Data Flow Architecture¶

This document traces the complete journey of data through the Quantum Pipeline - from molecule specification to ML-ready features in Apache Iceberg tables.

Overview¶

The Quantum Pipeline implements a multi-stage data processing architecture that transforms quantum simulation results into structured analytics data:

graph TB
    INPUT[Molecule JSON] --> VQE[VQE Simulation]
    VQE --> STREAM[Kafka Streaming]
    STREAM --> KC[Kafka Connect]
    KC --> MINIO[MinIO Storage]
    MINIO --> SPARK[Spark Processing]
    SPARK --> ICEBERG[Iceberg Tables]

    subgraph "Stage 1: Quantum Simulation"
        VQE
    end

    subgraph "Stage 2: Real-time Streaming"
        STREAM
        KC
    end

    subgraph "Stage 3: Batch Processing"
        SPARK
    end

    subgraph "Stage 4: Analytics Storage"
        ICEBERG
        MINIO
    end

    style VQE fill:#c5cae9,color:#1a237e
    style STREAM fill:#ffe082,color:#000
    style KC fill:#ffe082,color:#000
    style SPARK fill:#a5d6a7,color:#1b5e20
    style ICEBERG fill:#b39ddb,color:#311b92

Hold "Alt" / "Option" to enable pan & zoom

Stage 1: Quantum Simulation¶

Input: Molecule Specification¶

VQE simulations begin with molecule data in JSON format:

{
    "symbols": ["H", "H"],
    "coords": [[0.0, 0.0, 0.0], [0.0, 0.0, 0.74]],
    "multiplicity": 1,
    "charge": 0,
    "units": "angstrom"
}

Processing Pipeline¶

The simulation follows a structured workflow orchestrated by VQERunner.run():

sequenceDiagram
    participant CLI as CLI/API
    participant Runner as VQERunner
    participant Loader as load_molecule()
    participant Driver as PySCFDriver
    participant Mapper as JordanWignerMapper
    participant Solver as VQESolver
    participant Backend as Qiskit Backend

    CLI->>Runner: run()
    Runner->>Loader: load_molecule(filepath)
    Loader->>Loader: Validate & parse JSON
    Loader-->>Runner: list[MoleculeInfo]

    loop For each molecule
        Runner->>Driver: PySCFDriver.from_molecule(mol, basis)
        Driver->>Driver: PySCF orbital calculation
        Driver-->>Runner: ElectronicStructureProblem

        Runner->>Mapper: JordanWignerMapper().map(second_q_op)
        Mapper-->>Runner: SparsePauliOp

        Runner->>Solver: VQESolver(qubit_op, ...).solve()
        Solver->>Solver: Build EfficientSU2 ansatz
        loop Until convergence
            Solver->>Backend: EstimatorV2.run()
            Backend-->>Solver: Energy estimate + std
        end
        Solver-->>Runner: VQEResult
    end

Hold "Alt" / "Option" to enable pan & zoom

Simulation Phases¶

Phase 1: Molecule Loading¶

Source: quantum_pipeline/drivers/molecule_loader.py

Loads JSON, validates required fields (symbols, coords)
Creates MoleculeInfo objects (from qiskit_nature.second_q.formats.molecule_info)
Defaults: multiplicity=1, charge=0, units=angstrom

Note

MoleculeInfo is imported from qiskit_nature, not defined in this project.

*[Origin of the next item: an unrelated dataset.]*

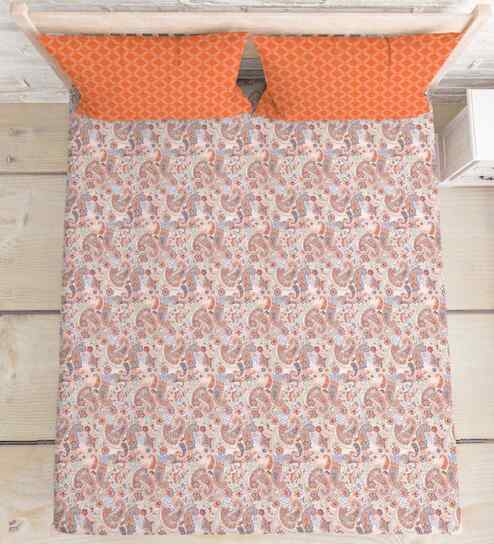 Orange Cotton 1 Double Queen Bedsheet with 2 Pillow Covers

Phase 2: Hamiltonian Construction¶

Source: quantum_pipeline/runners/vqe_runner.py

PySCFDriver.from_molecule() performs molecular orbital calculation
second_q_ops()[0] produces the second-quantized fermionic operator
JordanWignerMapper().map() transforms to qubit operator (SparsePauliOp)

Phase 3: Ansatz Creation¶

Source: quantum_pipeline/solvers/vqe_solver.py

Uses EfficientSU2 ansatz (not UCCSD) from qiskit.circuit.library
Configurable repetitions via ansatz_reps parameter
Random initial parameters: 2 * pi * random(num_parameters)

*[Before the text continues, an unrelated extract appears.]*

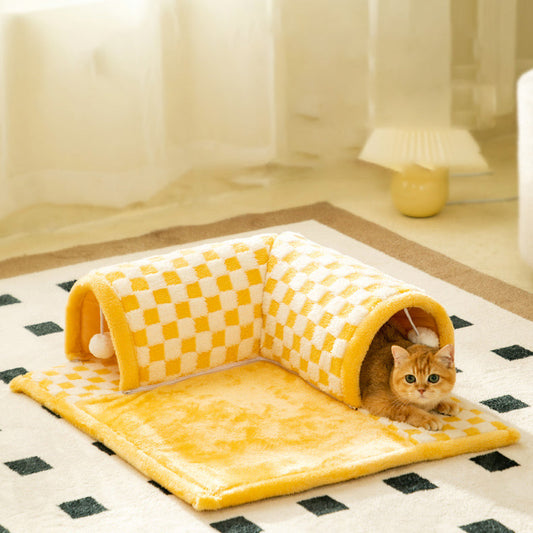 2-in-1 Funny Plush Plaid Pet Tunnel Bed Square Cat&Dog Bed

Phase 4: VQE Optimization¶

Source: quantum_pipeline/solvers/vqe_solver.py

Uses scipy.optimize.minimize with configurable optimizer (default: COBYLA)
EstimatorV2 from qiskit_ibm_runtime estimates expectation values
Each iteration records: iteration number, parameters, energy, std deviation
Supports convergence threshold and max iteration limits

Output: VQEDecoratedResult¶

Source: quantum_pipeline/structures/vqe_observation.py

Complete simulation results wrapped in a structured dataclass:

@dataclass
class VQEDecoratedResult:
    vqe_result: VQEResult
    molecule: MoleculeInfo
    basis_set: str
    hamiltonian_time: np.float64
    mapping_time: np.float64
    vqe_time: np.float64
    total_time: np.float64
    molecule_id: int
    performance_start: dict | None = None  # Optional system metrics snapshot
    performance_end: dict | None = None    # Optional system metrics snapshot

The nested VQEResult contains:

@dataclass
class VQEResult:
    initial_data: VQEInitialData  # backend, num_qubits, hamiltonian, ansatz, etc.
    iteration_list: list[VQEProcess]  # per-iteration energy + parameters
    minimum: np.float64
    optimal_parameters: np.ndarray
    maxcv: np.float64 | None
    minimization_time: np.float64

Stage 2: Real-time Streaming¶

Kafka Producer Integration¶

When --kafka flag is enabled, results stream to Apache Kafka immediately after each VQE run completes.

sequenceDiagram
    participant VQE as VQE Runner
    participant Cache as Schema Cache
    participant Registry as Schema Registry
    participant Serializer as Avro Serializer
    participant Producer as Kafka Producer
    participant Broker as Kafka Broker

    VQE->>Cache: Request schema
    alt Schema cached
        Cache-->>VQE: Return schema
    else Cache miss
        Cache->>Registry: Fetch schema
        Registry-->>Cache: Schema definition
        Cache-->>VQE: Return schema
    end

    VQE->>Serializer: Serialize result
    Serializer->>Serializer: Convert to Avro
    Serializer->>Serializer: Add wire format header
    Serializer-->>VQE: Binary payload

    VQE->>Producer: Send message
    Producer->>Broker: Publish to topic
    Broker-->>Producer: Acknowledgment
    Producer-->>VQE: Success

Hold "Alt" / "Option" to enable pan & zoom

Topic Naming Strategy¶

Each simulation produces a unique topic based on simulation parameters.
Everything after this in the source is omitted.